Work request: Exactly reproduce the lines from the one containing "Bath - 430 3rd" through the last line of the data, both ends included, leaving out pictures.

Given information:
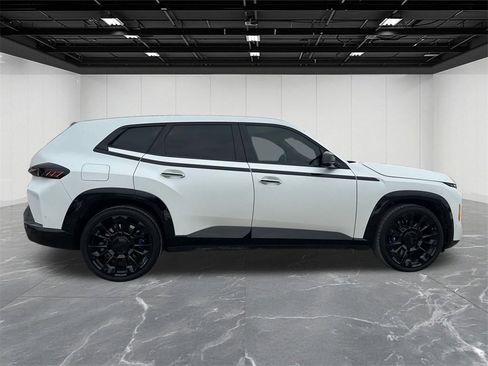 Used 2026 BMW XM Label Red image 11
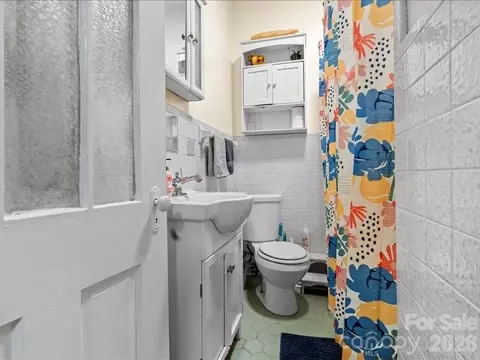Bath - 430 3rd St, Cheraw, SC 29520 photo 1 of 3
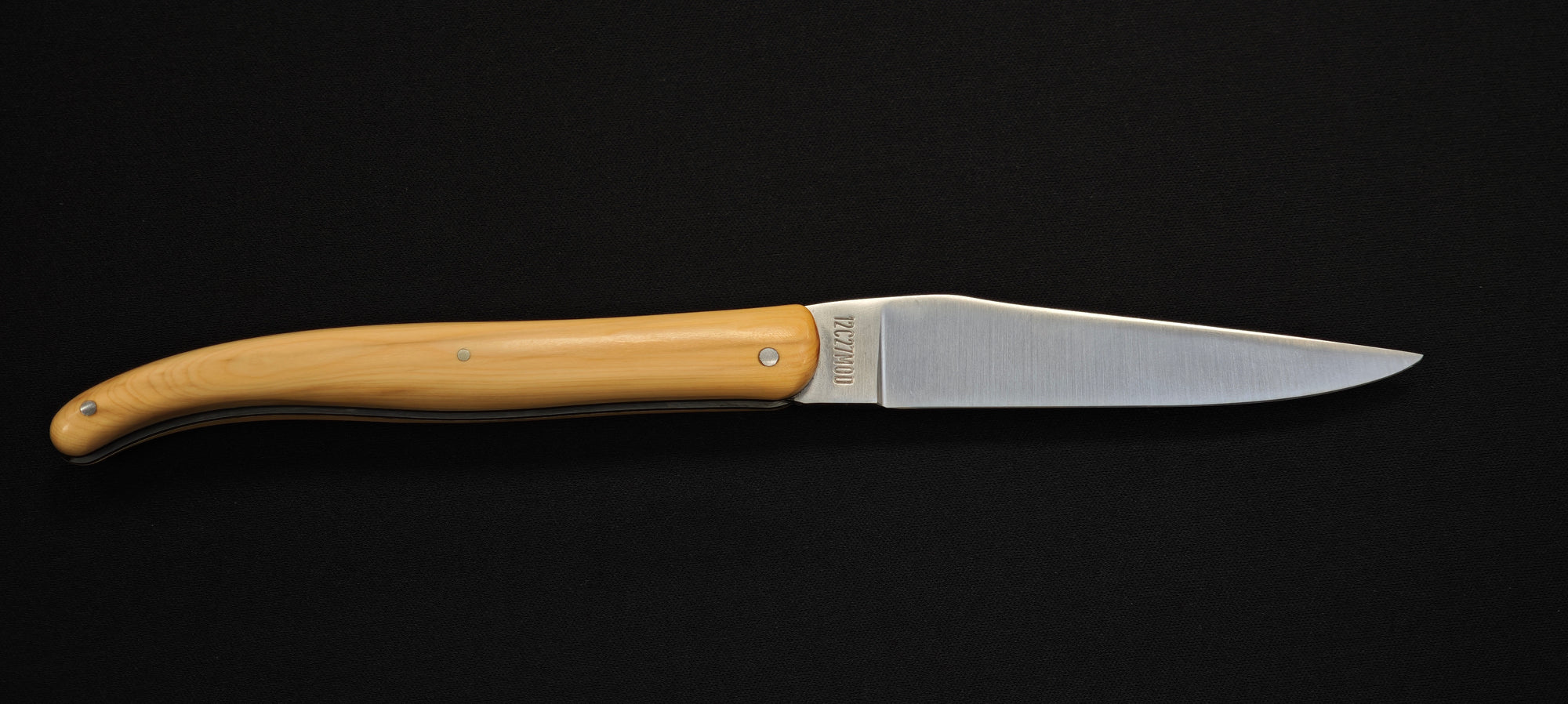 Couteau pliant Laguiole en Aubrac " Le Randonneur " - manche en buis - Réf. L051L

Finished exercise:
Bath - 430 3rd St, Cheraw, SC 29520 photo 1 of 3
 Couteau pliant Laguiole en Aubrac " Le Randonneur " - manche en buis - Réf. L051L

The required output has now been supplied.